** Task description **
When the line with "Horse Shoe Cowboy" turns up below, begin repeating exactly, and carry on through the line with "Electronic 1080P 7in"; no pictures go into the copy.

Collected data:
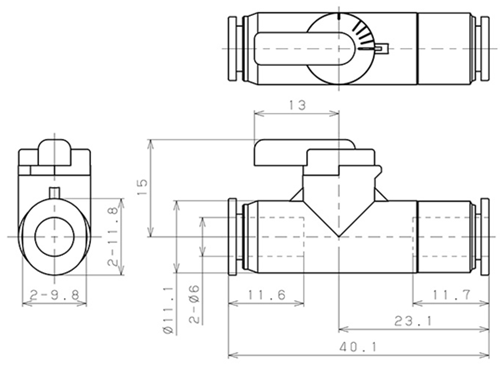 Bản vẽ kỹ thuật Van Bi Khí Nén, Loại Mini Pisco BVU6-6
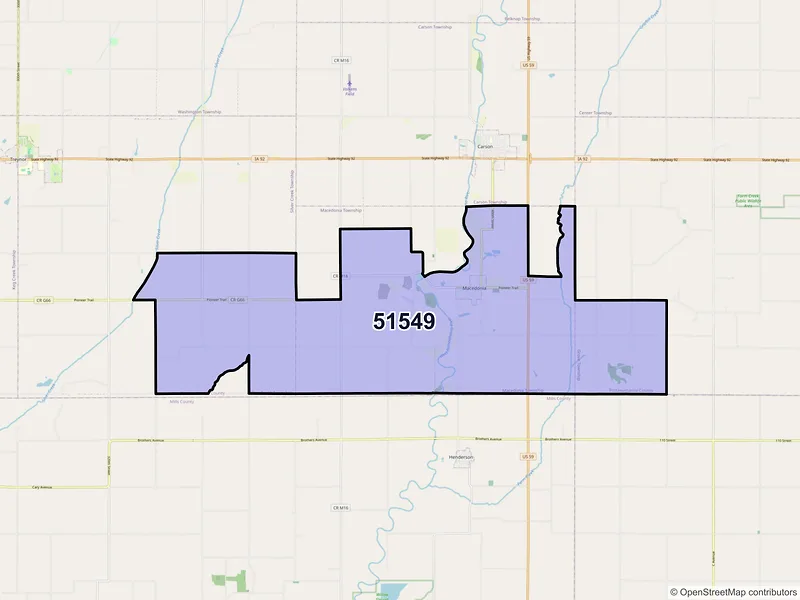 Map of ZIP Code 51549 — Macedonia, IA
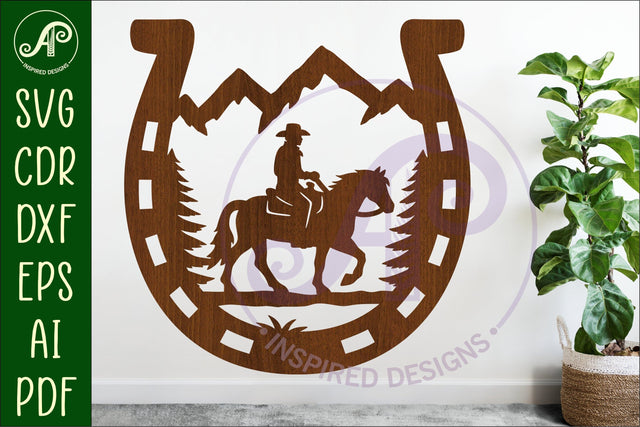 Horse Shoe Cowboy wall sign SVG APInspireddesigns 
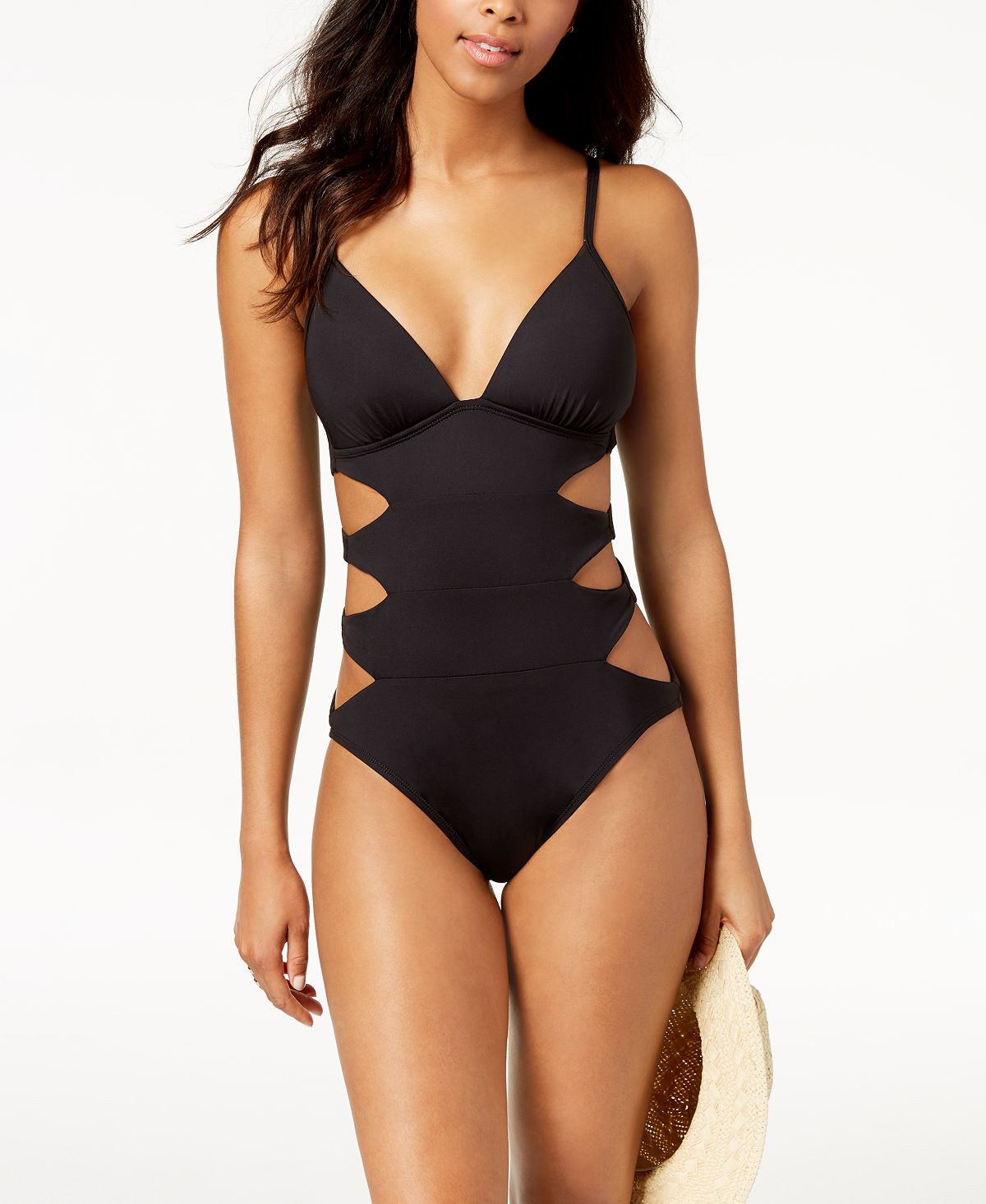 Kenneth Cole Cut-out Tummy-control One-piece Swimsuit Black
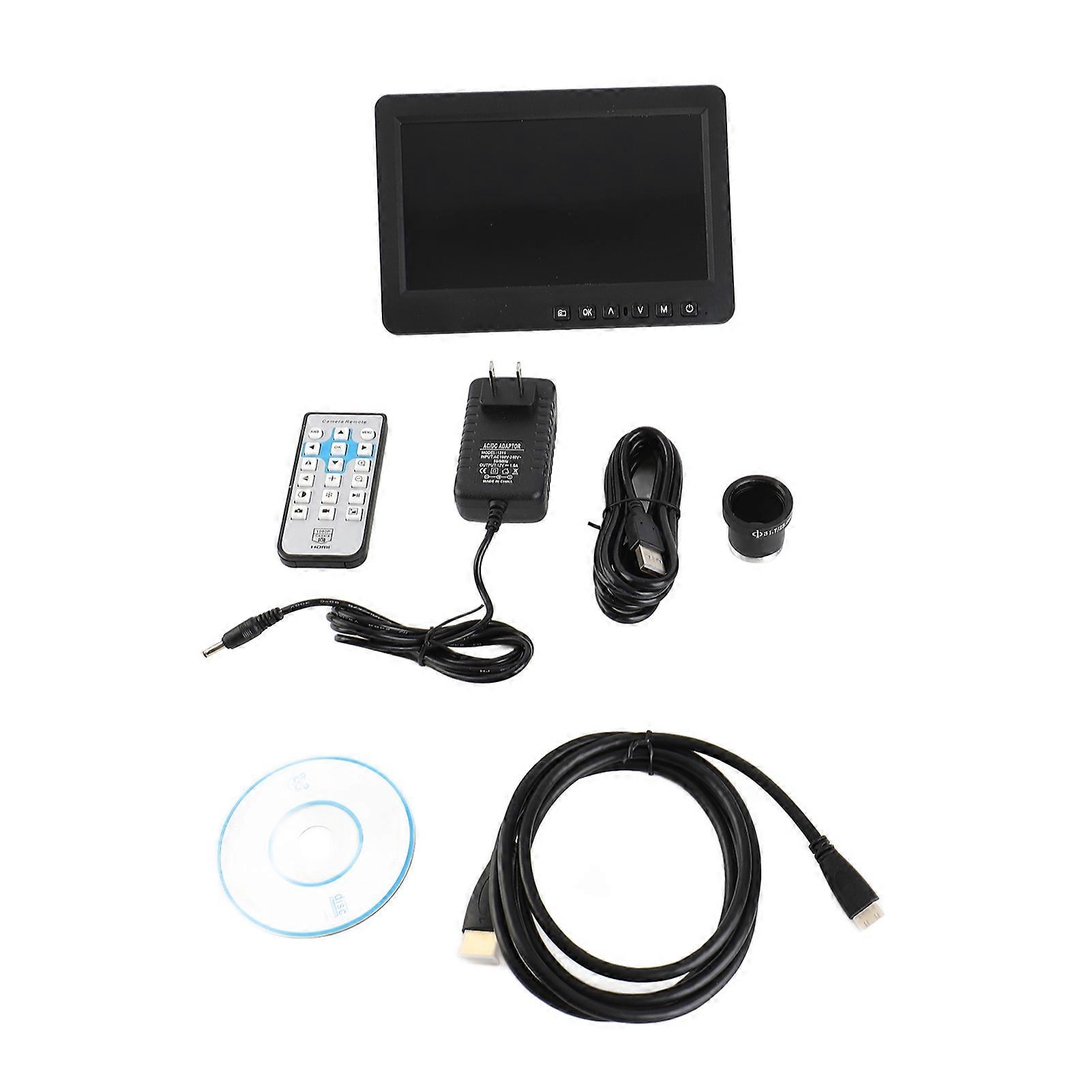 Electronic 1080P 7in IPS Telescope Eyepiece Camera with Remote Controller 7X Digital Zoom for Scientific Research Laboratory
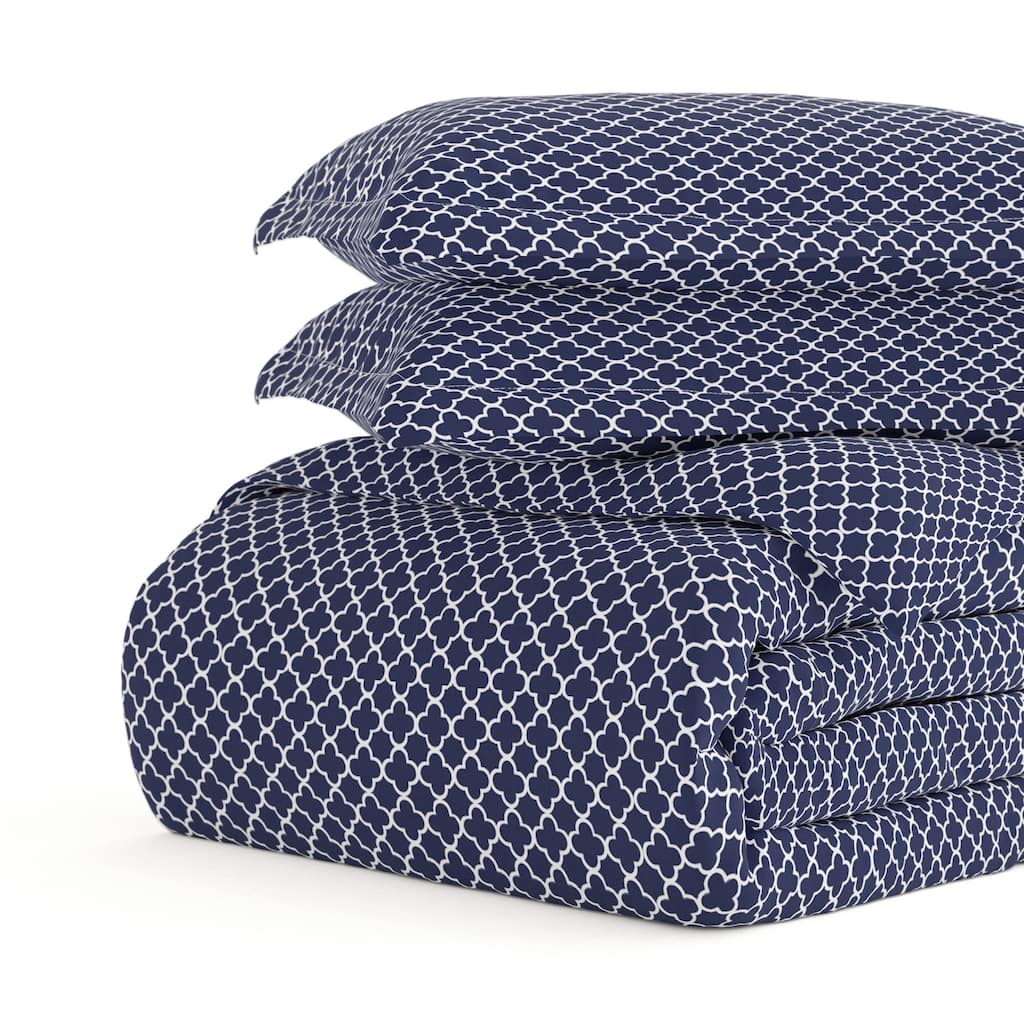 Becky Cameron Quatrefoil 3-piece Duvet Cover Set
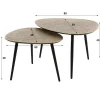 Cruller Salontafel set van 2 driehoekig Brons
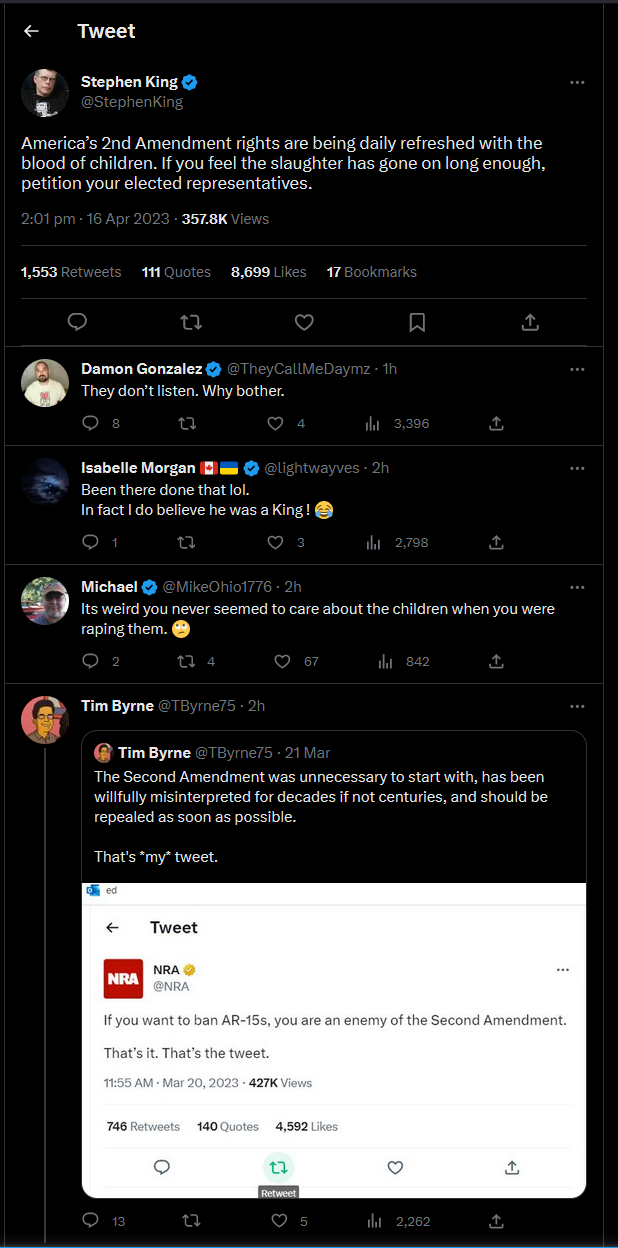 A post by Stephen King on  Twitter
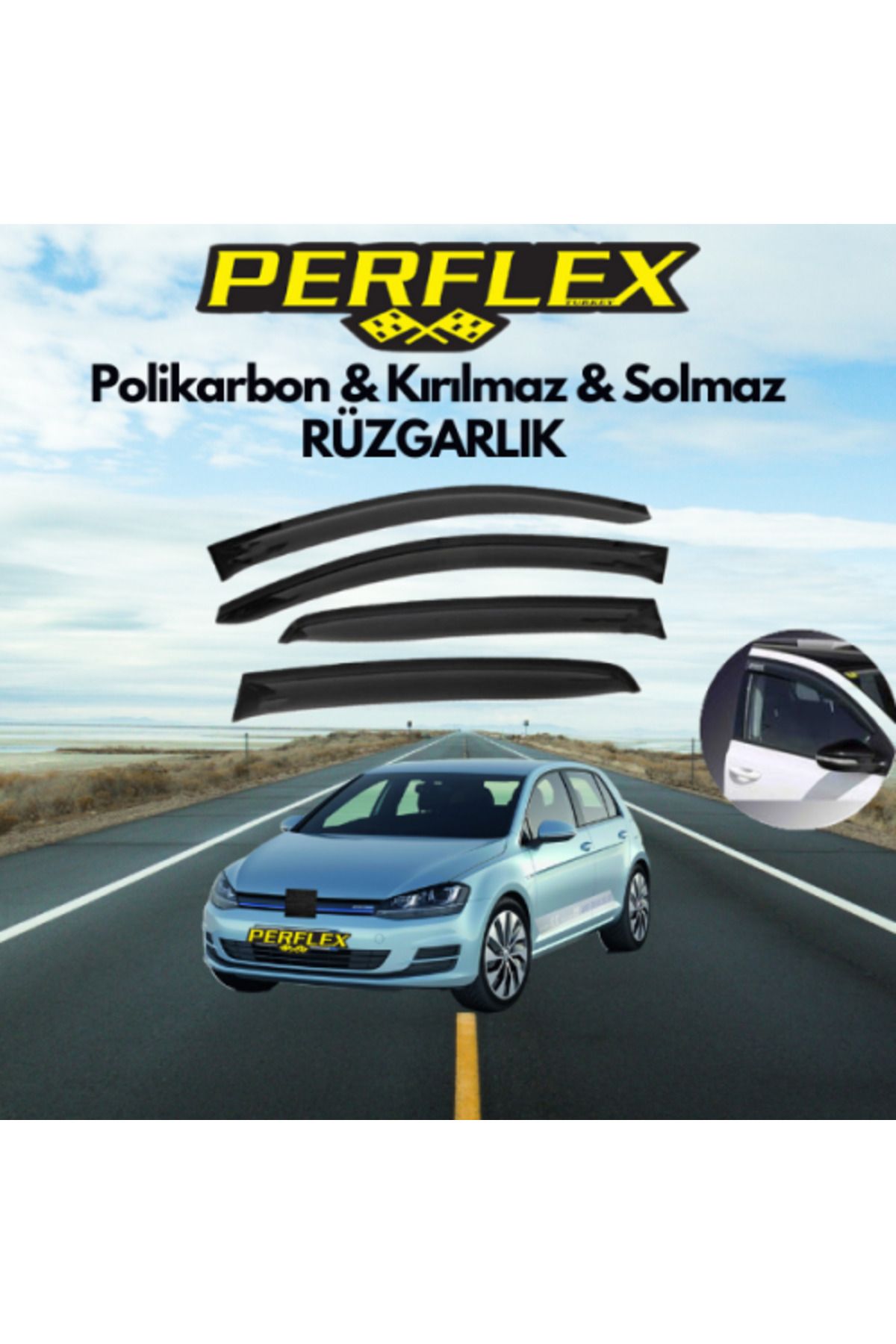 Lucest Lucestdrp Perf Polikarbon Kırılmaz Rüzgarlık V2 Düz Vw Golf 7 2012-2020 New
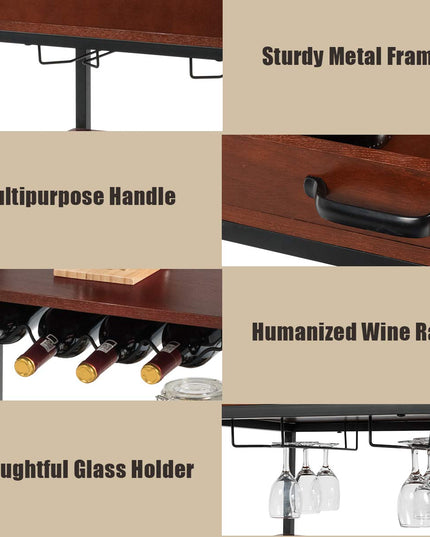 Giantex Kitchen Island Cart Rolling Industrial Style, Rustic Brown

** Finished exercise **
 Horse Shoe Cowboy wall sign SVG APInspireddesigns 
 Kenneth Cole Cut-out Tummy-control One-piece Swimsuit Black
 Electronic 1080P 7in IPS Telescope Eyepiece Camera with Remote Controller 7X Digital Zoom for Scientific Research Laboratory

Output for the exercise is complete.